Back in 2017, Mr Janiszewski and Ms Alexakis applied to the City of Sydney’s historical ‘green plaques’ program to have the site of milk bar officially recognised for its cultural and historical significance. The Council’s historical office reviewed the application and approved the recommendation for a plaque to be produced. 

The plaque. Photo supplied.
The plaque. Photo: supplied.

The city’s Lord Mayor, Clover Moore, also indicated in a letter to Mr Janiszewski and Ms Alexakis that she appreciated their “wish to commemorate this fascinating part of Sydney’s history, especially during the lifetime of Mick Adams’ daughters” and that “the City’s history team would be supportive of a site-specific interpretation in this location [24 Martin Place].

However, the new owners of the site would not agree to the plaque being placed on their building, which is now the ANZ tower in Sydney.

For seven years, the researchers and Mick’s descendants called on the Council to provide a solution for where to place the historical plaque. Over that time, Mick’s daughters Lilian Keldoulis and Helen Gerondis have passed away.
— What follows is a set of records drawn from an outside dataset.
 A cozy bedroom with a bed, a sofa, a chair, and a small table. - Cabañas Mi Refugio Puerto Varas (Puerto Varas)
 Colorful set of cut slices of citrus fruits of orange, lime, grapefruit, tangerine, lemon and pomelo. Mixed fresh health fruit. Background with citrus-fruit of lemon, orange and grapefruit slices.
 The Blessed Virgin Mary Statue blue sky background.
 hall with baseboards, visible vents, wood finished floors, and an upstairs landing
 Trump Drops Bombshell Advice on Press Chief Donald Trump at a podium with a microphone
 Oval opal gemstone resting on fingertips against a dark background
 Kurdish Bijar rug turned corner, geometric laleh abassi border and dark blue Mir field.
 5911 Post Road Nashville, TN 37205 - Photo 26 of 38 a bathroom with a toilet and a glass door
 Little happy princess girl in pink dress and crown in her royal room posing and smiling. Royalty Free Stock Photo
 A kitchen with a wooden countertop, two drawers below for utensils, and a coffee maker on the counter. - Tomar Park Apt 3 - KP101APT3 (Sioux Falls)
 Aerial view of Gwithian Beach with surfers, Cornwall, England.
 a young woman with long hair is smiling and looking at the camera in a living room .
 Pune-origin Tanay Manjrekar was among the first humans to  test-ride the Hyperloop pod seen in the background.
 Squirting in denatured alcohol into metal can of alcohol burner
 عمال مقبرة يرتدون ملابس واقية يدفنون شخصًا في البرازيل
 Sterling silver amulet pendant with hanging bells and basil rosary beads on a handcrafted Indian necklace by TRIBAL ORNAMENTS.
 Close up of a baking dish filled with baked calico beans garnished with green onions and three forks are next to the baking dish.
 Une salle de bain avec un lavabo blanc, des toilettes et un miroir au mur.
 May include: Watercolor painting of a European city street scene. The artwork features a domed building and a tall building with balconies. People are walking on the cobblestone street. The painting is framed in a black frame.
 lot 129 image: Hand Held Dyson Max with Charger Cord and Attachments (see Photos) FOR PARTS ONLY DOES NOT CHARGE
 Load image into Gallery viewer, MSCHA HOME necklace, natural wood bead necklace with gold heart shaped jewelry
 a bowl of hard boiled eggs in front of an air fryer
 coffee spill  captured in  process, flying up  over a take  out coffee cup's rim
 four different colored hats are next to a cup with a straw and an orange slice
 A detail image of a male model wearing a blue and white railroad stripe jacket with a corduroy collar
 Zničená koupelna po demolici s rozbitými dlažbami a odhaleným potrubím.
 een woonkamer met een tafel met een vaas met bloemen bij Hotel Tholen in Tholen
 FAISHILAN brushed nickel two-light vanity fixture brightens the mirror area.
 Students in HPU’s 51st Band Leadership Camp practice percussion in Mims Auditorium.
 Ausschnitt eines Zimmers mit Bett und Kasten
Today, the plaque is not to be placed on the actual site of the milk bar, but further east, as a compromise.

Mr Janiszewski said now is a time to celebrate as the plaque will finally be unveiled as “public recognition of a Greek migrant-settler’s business acumen that became an iconic, Australian popular cultural symbol that was exported to the world.”

The milkshake was revolutionised by Adams’ modern milk bar and his milk bar concept spread rapidly throughout the nation (by 1937 there were 4,000 registered) and it was then swiftly exported to Great Britain, Europe, New Zealand, South Africa, South Pacific Islands and Japan.